— What you are asked to do —
Omitting all images, give the entries that follow again exactly as they read.

━━━━━━━━━━━━━━━━━━━━━━━━━━━━━━

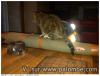 a la chasse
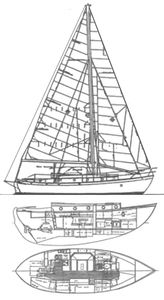 Rafiki 37 Drawing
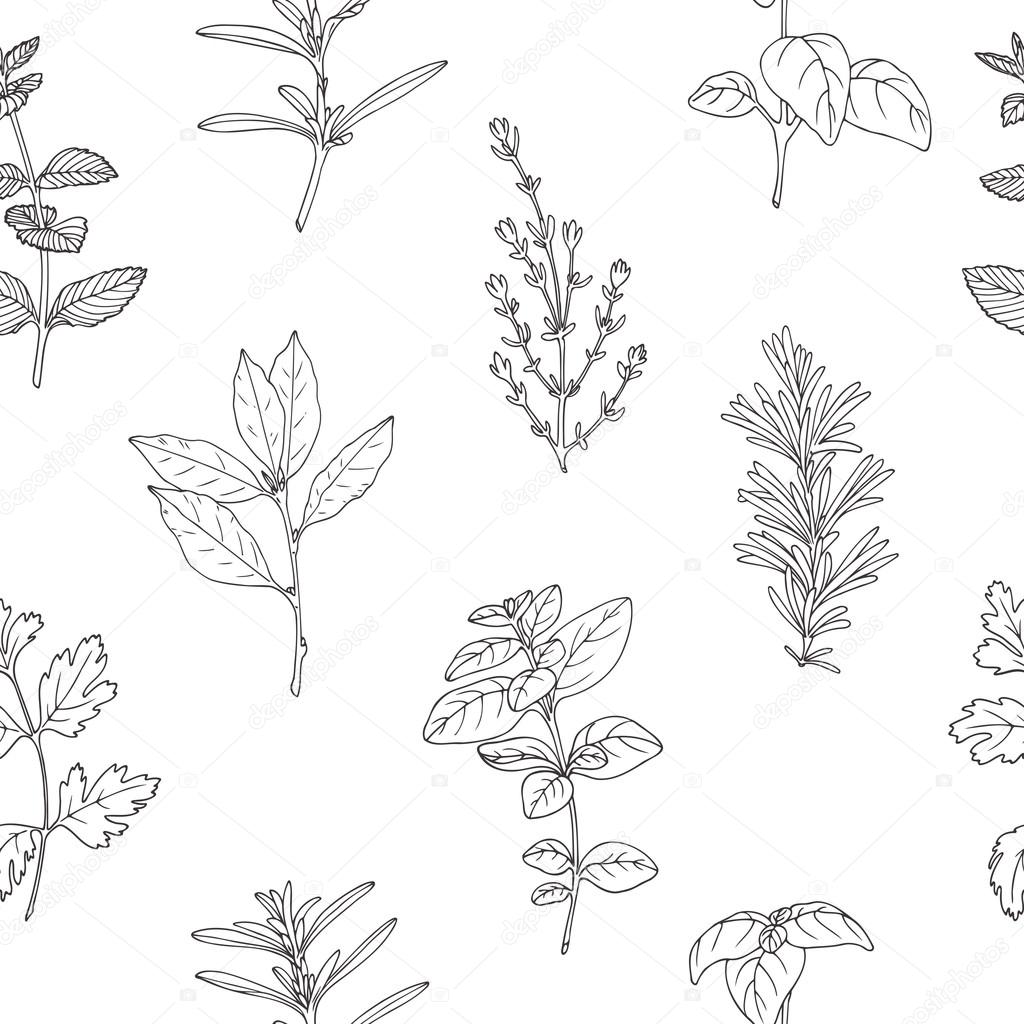 Seamless pattern with hand drawn spicy herbs. Monochrome kitchen background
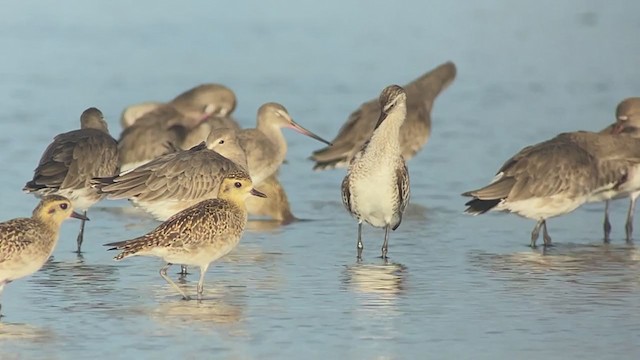 Asian Dowitcher - ML409219861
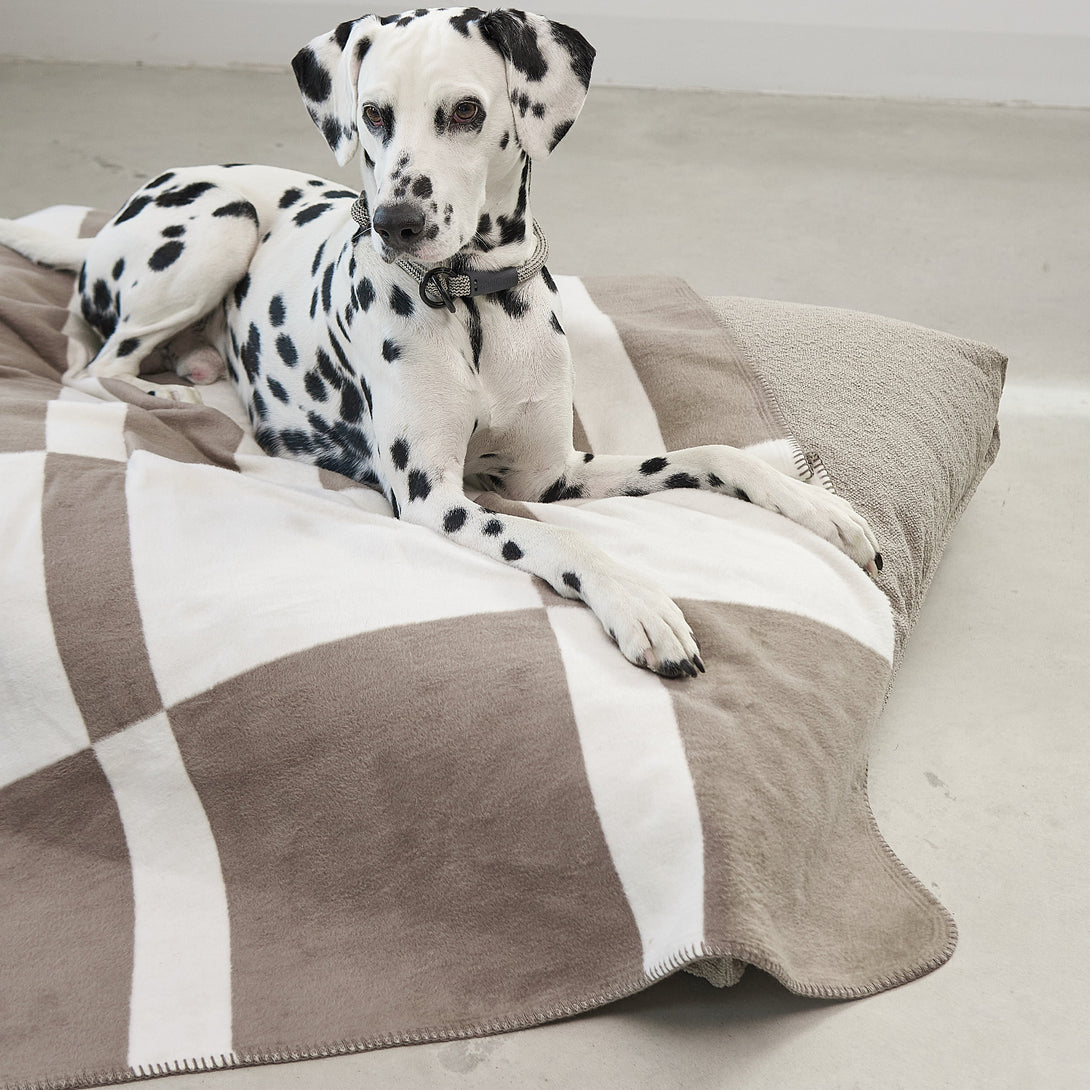 MiaCara Soft Lightweight Dog Throw Blocco – Premium Comfort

━━━━━━━━━━━━━━━━━━━━━━━━━━━━━━

— Answer space —
 a la chasse
 Rafiki 37 Drawing
 Seamless pattern with hand drawn spicy herbs. Monochrome kitchen background
 Asian Dowitcher - ML409219861
 MiaCara Soft Lightweight Dog Throw Blocco – Premium Comfort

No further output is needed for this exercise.